Osama Almasri Najim, qui aurait été responsable du centre de détention de Mitiga à Tripoli (nord-ouest), est recherché pour des meurtres, viols et tortures commis sur des détenus depuis le 15 février 2015 en raison de leur religion, ou alors qu'ils étaient soupçonnés d'un «comportement immoral» ou de soutenir ou être affiliés à des groupes armés.
Son rapatriement a provoqué une vive polémique politique en Italie, où l'opposition au gouvernement ultraconservateur de Giorgia Meloni l'accuse d'avoir couvert un criminel de guerre au nom d'intérêts stratégiques, économiques et migratoires. Une plainte a été déposée contre Giorgia Meloni, et un tribunal spécial saisi.
Devant les députés réunis hier à la Chambre, les ministres de la Justice Carlo Nordio et de l'Intérieur Matteo Piantedosi ont tenté de justifier leur décision, en reprochant à la CPI sa lenteur et ses erreurs, provoquant l'ire des élus d'opposition. Le mandat d'arrêt transmis en janvier aux autorités italiennes par la CPI était truffé «d'imprécisions, d'omissions, d'incohérences et conclusions contradictoires», a déclaré Carlo Nordio.
D'après lui, le document est imprécis sur les dates auxquelles les crimes imputés au Libyen sont censés avoir été commis, évoquant ici des faits partant du mois de février 2011 ou de février 2015. Devant ces «contradictions patentes, grossières et graves, toute autre initiative de ma part aurait été inappropriée et hâtive», a-t-il estimé. Il a aussi pointé du doigt d'autres problèmes de fond et de forme, notamment que le document est rédigé en anglais avec des extraits en arabe, expliquant, selon lui, l'incapacité du gouvernement à donner suite au mandat d'arrêt de la CPI.
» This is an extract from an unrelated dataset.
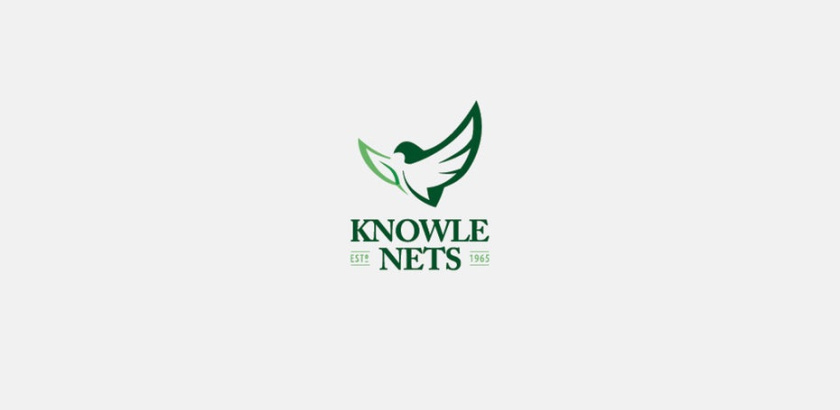 一只鳥的綠色輪廓與它的一個翅膀的葉子的logo設計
Matteo Piantedosi a pour sa part «démenti de la manière la plus catégorique» que le gouvernement italien ait eu des contacts avec les autorités libyennes après l'arrestation du Libyen qui pourraient être considérés, «même de loin, comme une forme de pression indue assimilable à une menace ou à un chantage».
Pour Elly Schlein, cheffe du Parti démocrate (PD, centre-gauche), le principal mouvement d'opposition, «la crédibilité internationale» de l'Italie «a été entachée par votre choix délibéré de libérer et de ramener chez lui un tortionnaire libyen». Osama Almasri Almasri a été «libéré et mis dans un avion d'Etat avec tous les honneurs, accueilli comme un héros en Libye, une chose honteuse.
Quel pays voulons-nous être ? Du côté des torturés ou du côté des tortionnaires ?», a lancé Mme Schlein. Mme Meloni, absente hier à la Chambre, a défendu l'expulsion du Libyen et accablé elle aussi la CPI, l'exhortant à «clarifier pourquoi elle a mis des mois à lancer ce mandat d'arrêt alors qu'Almasri a déjà traversé trois pays européens».
«Curieusement, la Cour le fait précisément au moment où cette personne était sur le point d'entrer sur le territoire national, après avoir séjourné de manière sereine pendant une douzaine de jours dans trois autres Etats européens», a-t-elle observé. C'est un migrant originaire du Sud-Soudan, Lam Magok, qui est à l'origine de la plainte contre Mme Meloni. Il affirme avoir été battu et frappé par le chef de la police et ses gardes.